On 2/19/21 2:42 PM, Richard Eisenberg wrote:
There are some good ideas here, but I want to throw out another one: 
put all our effort into reducing compile times. There is a loud plea 
to do this on Discourse 
, 
and it would both solve these CI problems and also help everyone else.


This isn't to say to stop exploring the ideas here. But since time is 
mostly fixed, tackling compilation times in general may be the best 
way out of this. Ben's survey of other projects (thanks!) shows that 
we're way, way behind in how long our CI takes to run.


Richard

On Feb 19, 2021, at 7:20 AM, Sebastian Graf > wrote:


Recompilation avoidance

I think in order to cache more in CI, we first have to invest some 
time in fixing recompilation avoidance in our bootstrapped build system.

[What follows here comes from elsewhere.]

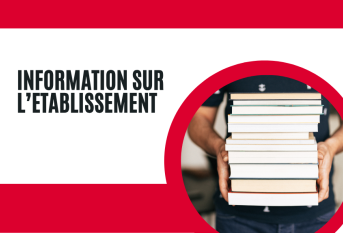 Information rentrée scolaire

I just tested on a hadrian perf ticky build: Adding one line of 
*comment* in the compiler causes


  * a (pretty slow, yet negligible) rebuild of the stage1 compiler
  * 2 minutes of RTS rebuilding (Why do we have to rebuild the RTS?
It doesn't depend in any way on the change I made)
  * apparent full rebuild the libraries
  * apparent full rebuild of the stage2 compiler

That took 17 minutes, a full build takes ~45minutes. So there 
definitely is some caching going on, but not nearly as much as there 
could be.
I know there have been great and boring efforts on compiler 
determinism in the past, but either it's not good enough or our build 
system needs fixing.
I think a good first step to assert would be to make sure that the 
hash of the stage1 compiler executable doesn't change if I only 
change a comment.
I'm aware there probably is stuff going on, like embedding configure 
dates in interface files and executables, that would need to go, but 
if possible this would be a huge improvement.

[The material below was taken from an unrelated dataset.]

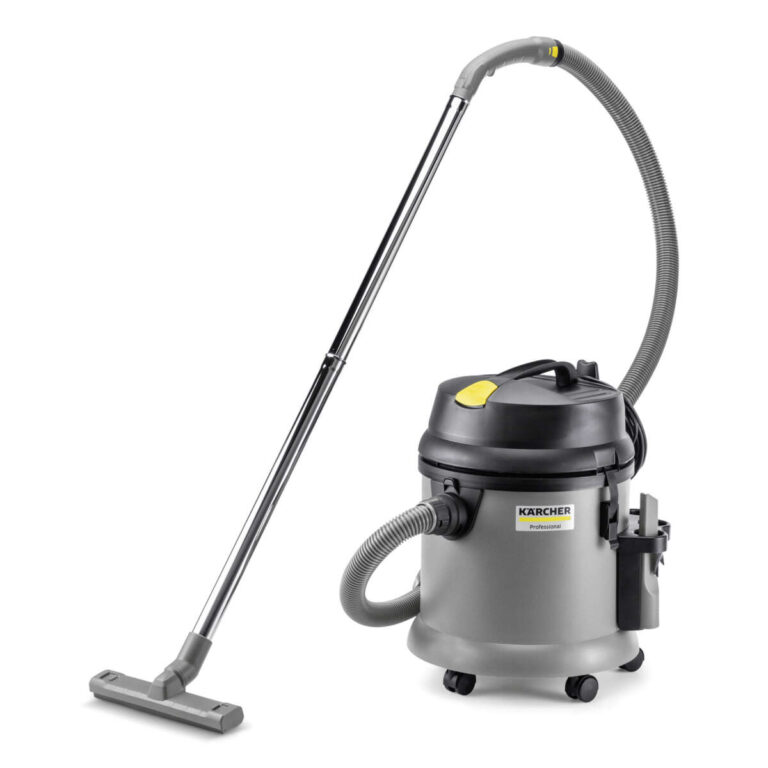 A Picture Of A Vacuum Cleaner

On the other hand, we can simply tack on a [skip ci] to the commit 
message, as I did for 
https://gitlab.haskell.org/ghc/ghc/-/merge_requests/4975 
. Variants 
like [skip tests] or [frontend] could help to identify which tests to 
run by default.


Lean

I had a chat with a colleague about how they do CI for Lean. 
Apparently, CI turnaround time including tests is generally 25 
minutes (~15 minutes for the build) for a complete pipeline, testing 
6 different OSes and configurations in parallel: 
https://github.com/leanprover/lean4/actions/workflows/ci.yml 

They utilise ccache to cache the clang-based C++-backend, so that 
they only have to re-run the front- and middle-end. In effect, they 
take advantage of the fact that the "function" clang, in contrast to 
the "function" stage1 compiler, stays the same.
It's hard to achieve that for GHC, where a complete compiler pipeline 
comes as one big, fused "function": An external tool can never be 
certain that a change to Parser.y could not affect the CodeGen phase.

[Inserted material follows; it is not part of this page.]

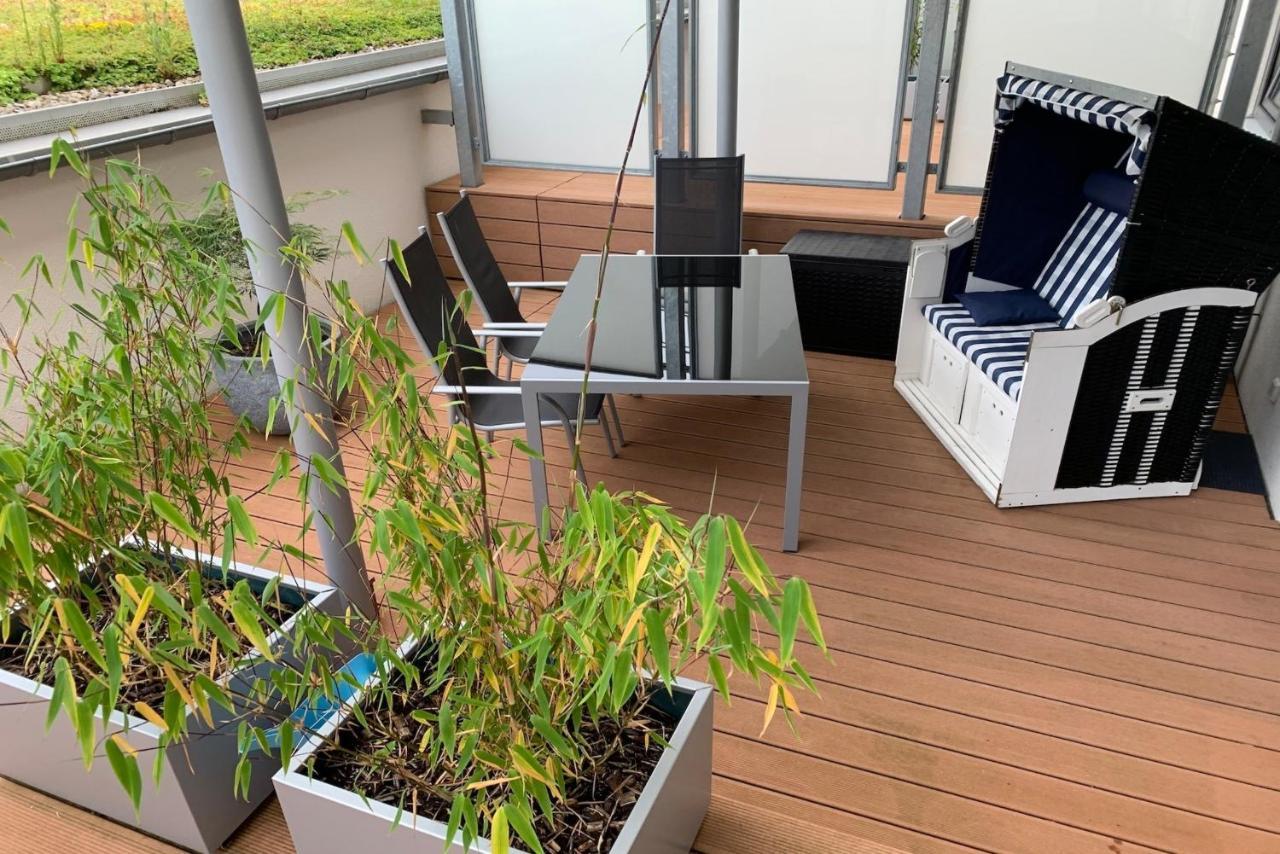 Apartamento Pier 6 Eckernförde Exterior foto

Inspired by Lean, the following is a bit inconcrete and imaginary, 
but maybe we could make it so that compiler phases "sign" parts of 
the interface file with the binary hash of the respective 
subcomponents of the phase?
E.g., if all the object files that influence CodeGen (that will later 
be linked into the stage1 compiler) result in a hash of 0xdeadbeef 
before and after the change to Parser.y, we know we can stop 
recompiling Data.List with the stage1 compiler when we see that the 
IR passed to CodeGen didn't change, because the last compile did 
CodeGen with a stage1 compiler with the same hash 0xdeadbeef. The 
0xdeadbeef hash is a proxy for saying "the function CodeGen stayed 
the same", so we can reuse its cached outputs.
Of course, that is utopic without a tool that does the "taint 
analysis" of which modules in GHC influence CodeGen. Probably just 
including all the transitive dependencies of GHC.CmmToAsm suffices, 
but probably that's too crude already. For another example, a change 
to GHC.Utils.Unique would probably entail a full rebuild of the 
compiler because it basically affects all compiler phases.
There are probably parallels with recompilation avoidance in a 
language with staged meta-programming.


Am Fr., 19. Feb. 2021 um 11:42 Uhr schrieb Josef 

Re: Changes to performance testing?

2021-02-21 Thread Richard Eisenberg


> On Feb 21, 2021, at 11:24 AM, Ben Gamari  wrote:
> 
> To mitigate this I would suggest that we allow performance test failures
> in marge-bot pipelines. A slightly weaker variant of this idea would
> instead only allow performance *improvements*. I suspect the latter
> would get most of the benefit, while eliminating the possibility that a
> large regression goes unnoticed.

The value in making performance improvements a test failure is so that patch 
authors can be informed of what they have done, to make sure it matches 
expectations. This need can reasonably be satisfied without stopping merging. 
That is, if Marge can accept performance improvements, while (say) posting to 
each MR involved that it may have contributed to a performance improvement, 
then I think we've done our job here.

On the other hand, a performance degradation is a bug, just like, say, an error 
message regression. Even if it's a combination of commits that cause the 
problem (an actual possibility even for error message regressions), it's still 
a bug that we need to either fix or accept (balanced out by other 
improvements). The pain of debugging this scenario might be mitigated if there 
were a collation of the performance wibbles for each individual commit. This 
information is, in general, available: each commit passed CI on its own, and so 
it should be possible to create a little report with its rows being perf tests 
and its columns being commits or MR #s; each cell in the table would be a 
percentage regression. If we're lucky, the regression Marge sees will be the 
sum(*) of the entries in one of the rows -- this means that we have a simple 
agglomeration of performance degradation. If we're less lucky, the whole will 
not equal the sum of the parts, and some of the patches interfere. In either 
case, the table would suggest a likely place to look next.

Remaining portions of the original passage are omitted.